((
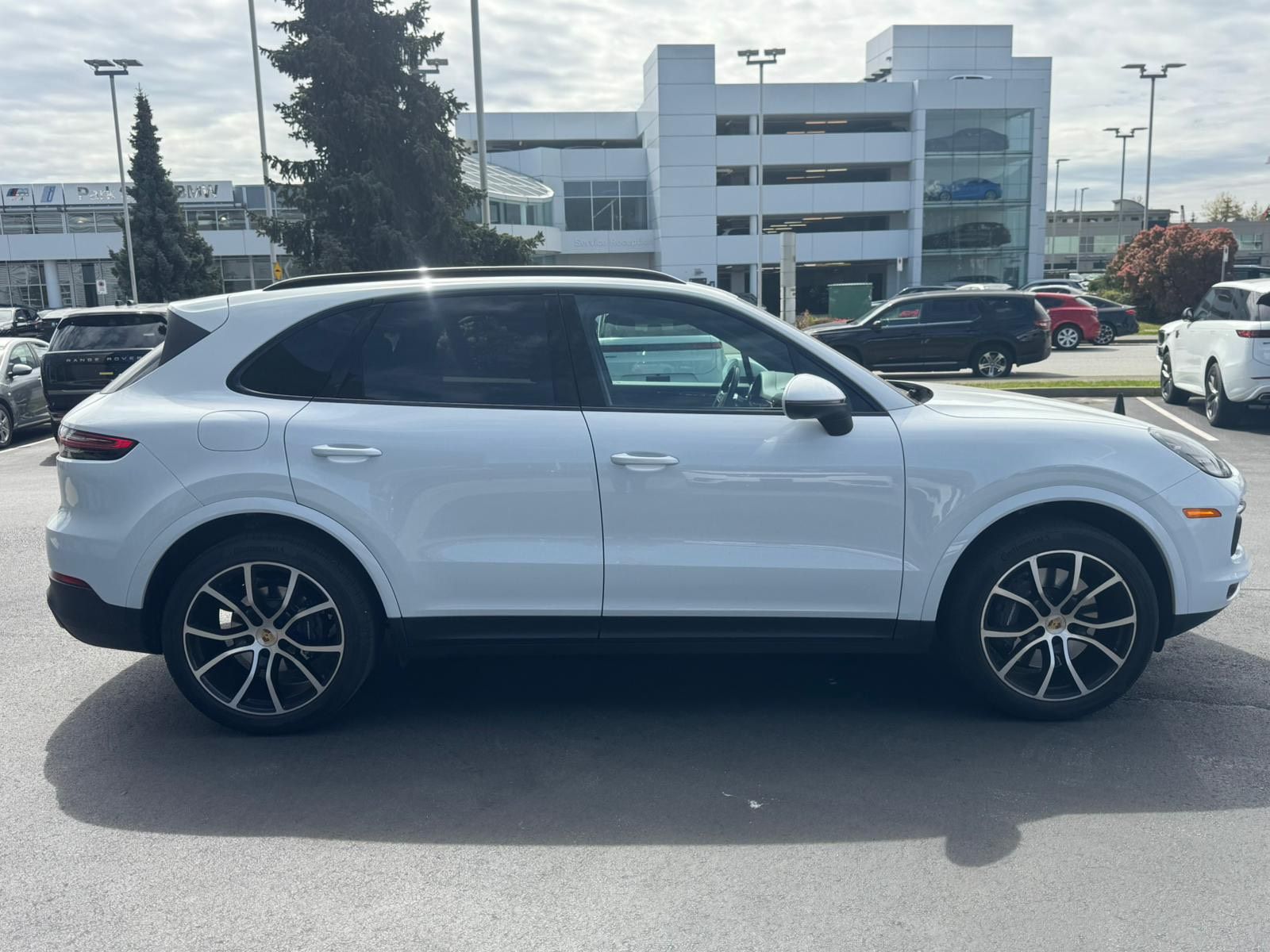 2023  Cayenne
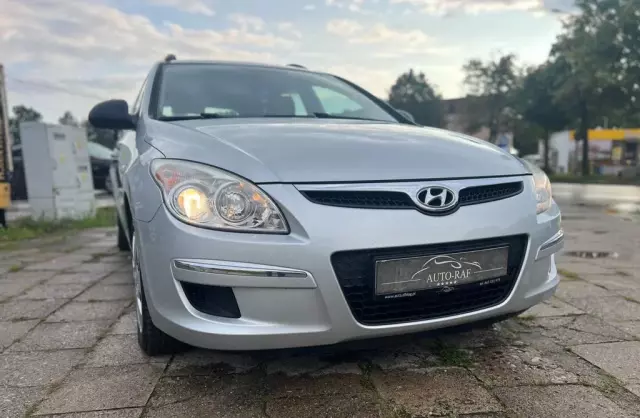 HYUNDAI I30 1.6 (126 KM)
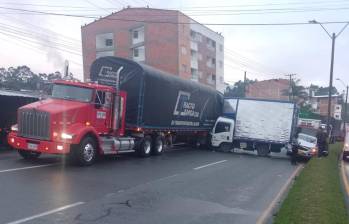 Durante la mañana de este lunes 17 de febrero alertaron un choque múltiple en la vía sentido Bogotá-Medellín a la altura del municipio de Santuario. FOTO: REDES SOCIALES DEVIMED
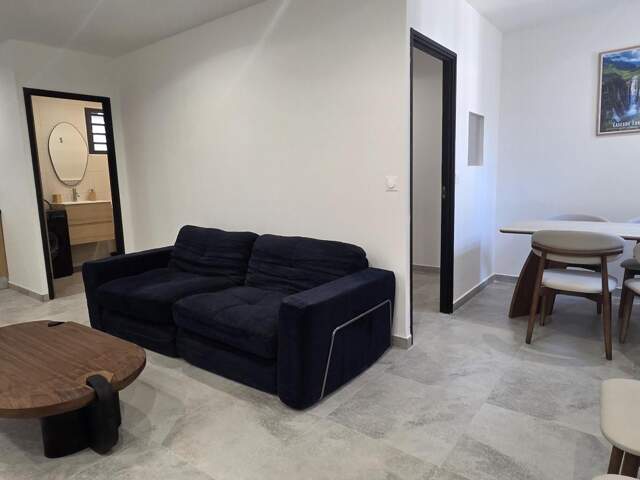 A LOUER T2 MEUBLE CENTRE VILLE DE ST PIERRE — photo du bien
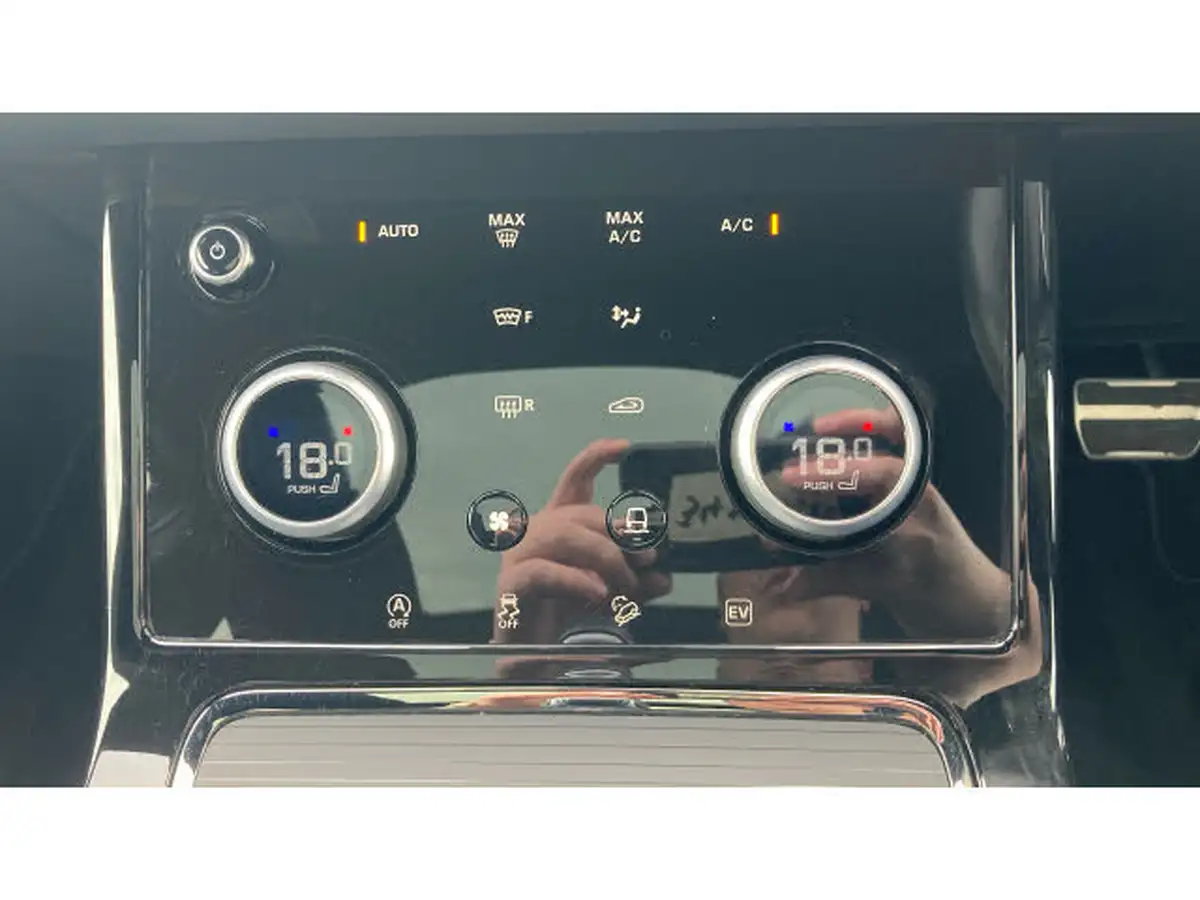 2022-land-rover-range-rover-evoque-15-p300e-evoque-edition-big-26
))
((
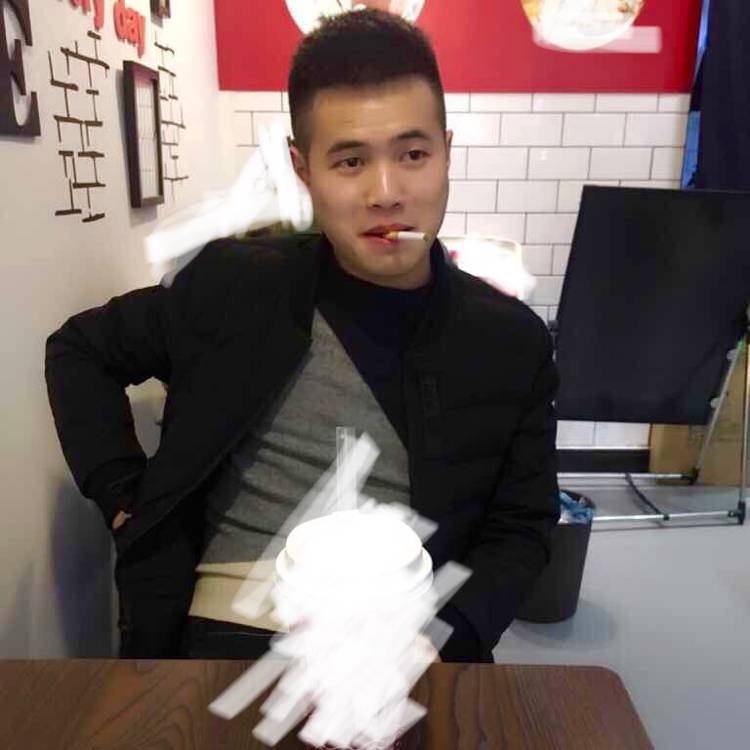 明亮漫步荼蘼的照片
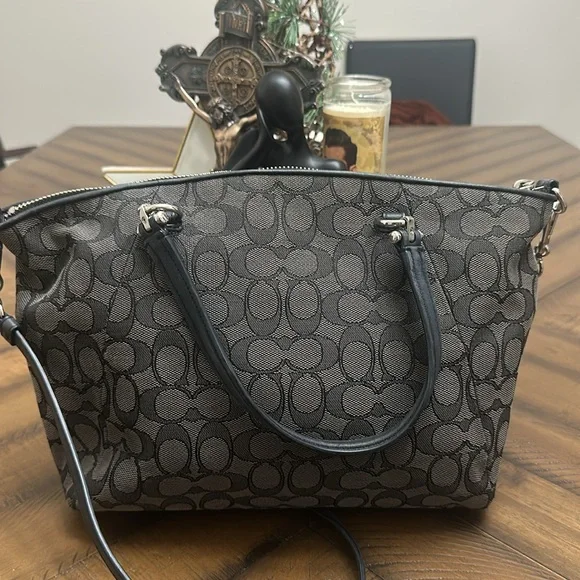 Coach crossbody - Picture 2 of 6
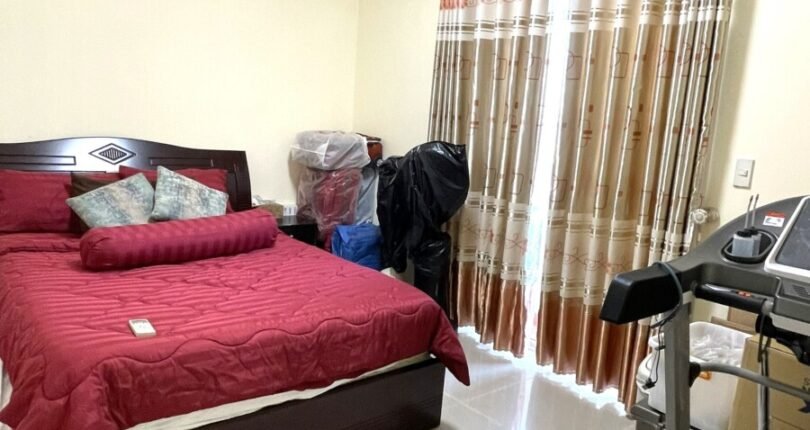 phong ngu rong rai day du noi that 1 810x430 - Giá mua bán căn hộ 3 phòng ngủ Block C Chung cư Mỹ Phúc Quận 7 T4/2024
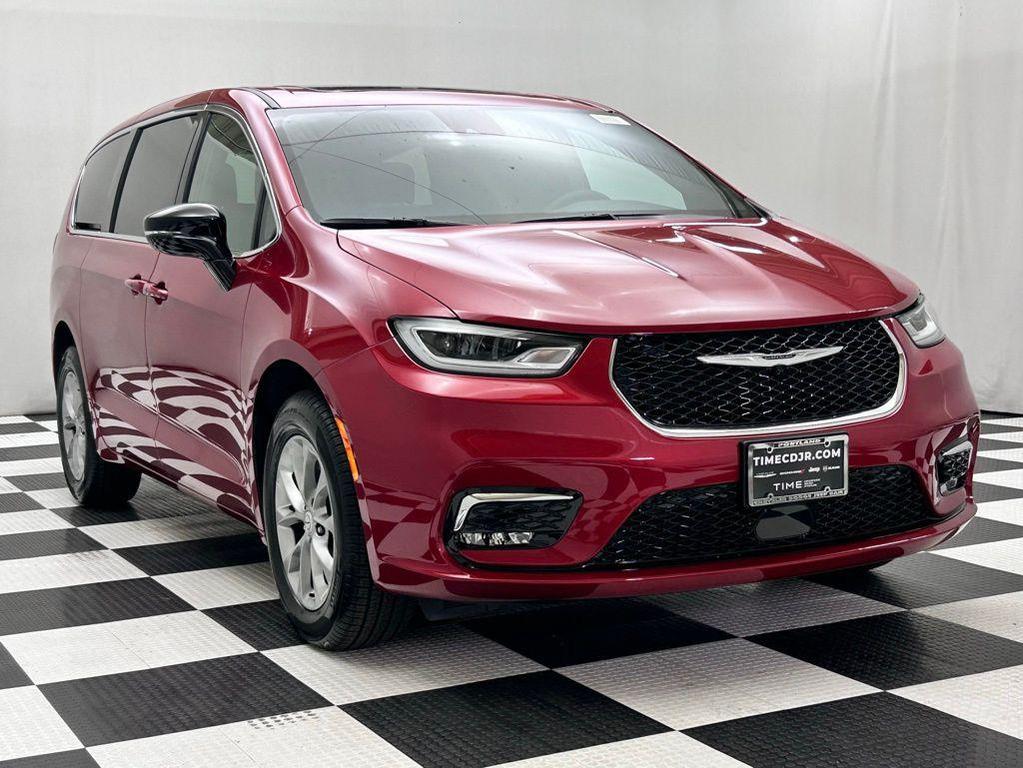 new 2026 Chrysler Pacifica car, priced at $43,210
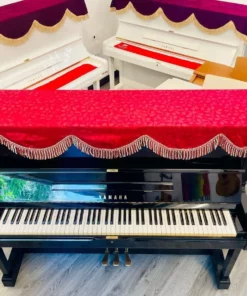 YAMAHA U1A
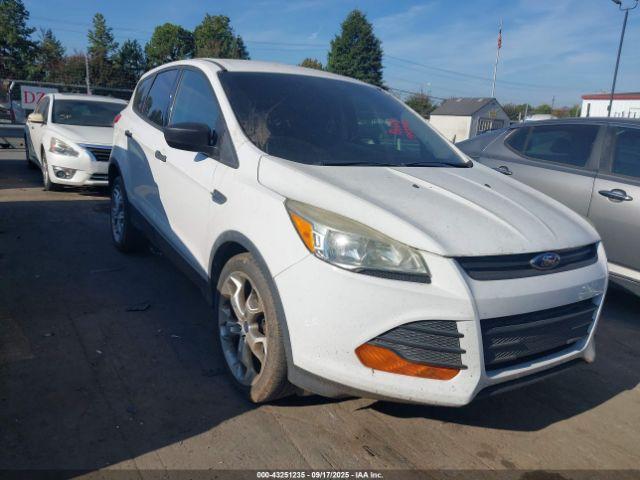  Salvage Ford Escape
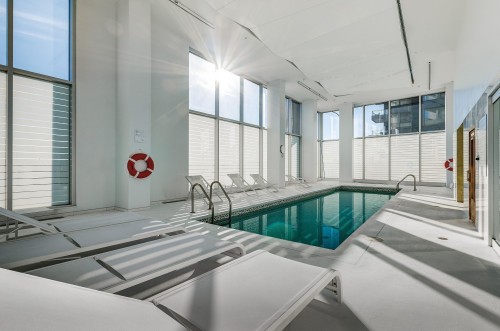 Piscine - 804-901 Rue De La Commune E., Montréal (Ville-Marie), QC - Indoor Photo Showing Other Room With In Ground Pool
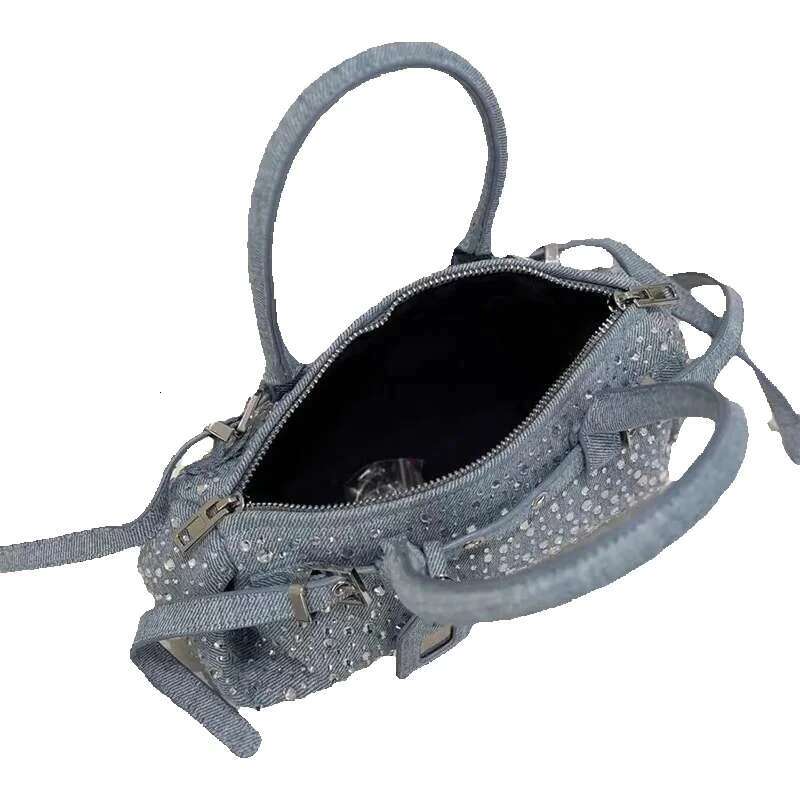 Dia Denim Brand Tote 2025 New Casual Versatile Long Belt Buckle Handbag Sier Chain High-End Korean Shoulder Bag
))
WORK TO BE COMPLETED
What do the entries above read from the line containing "phong ngu rong" through the line containing "Dia Denim Brand"? Output those lines exactly, both ends included, with the pictures left out.

RESULT OF THE TASK
 phong ngu rong rai day du noi that 1 810x430 - Giá mua bán căn hộ 3 phòng ngủ Block C Chung cư Mỹ Phúc Quận 7 T4/2024
 new 2026 Chrysler Pacifica car, priced at $43,210
 YAMAHA U1A
  Salvage Ford Escape
 Piscine - 804-901 Rue De La Commune E., Montréal (Ville-Marie), QC - Indoor Photo Showing Other Room With In Ground Pool
 Dia Denim Brand Tote 2025 New Casual Versatile Long Belt Buckle Handbag Sier Chain High-End Korean Shoulder Bag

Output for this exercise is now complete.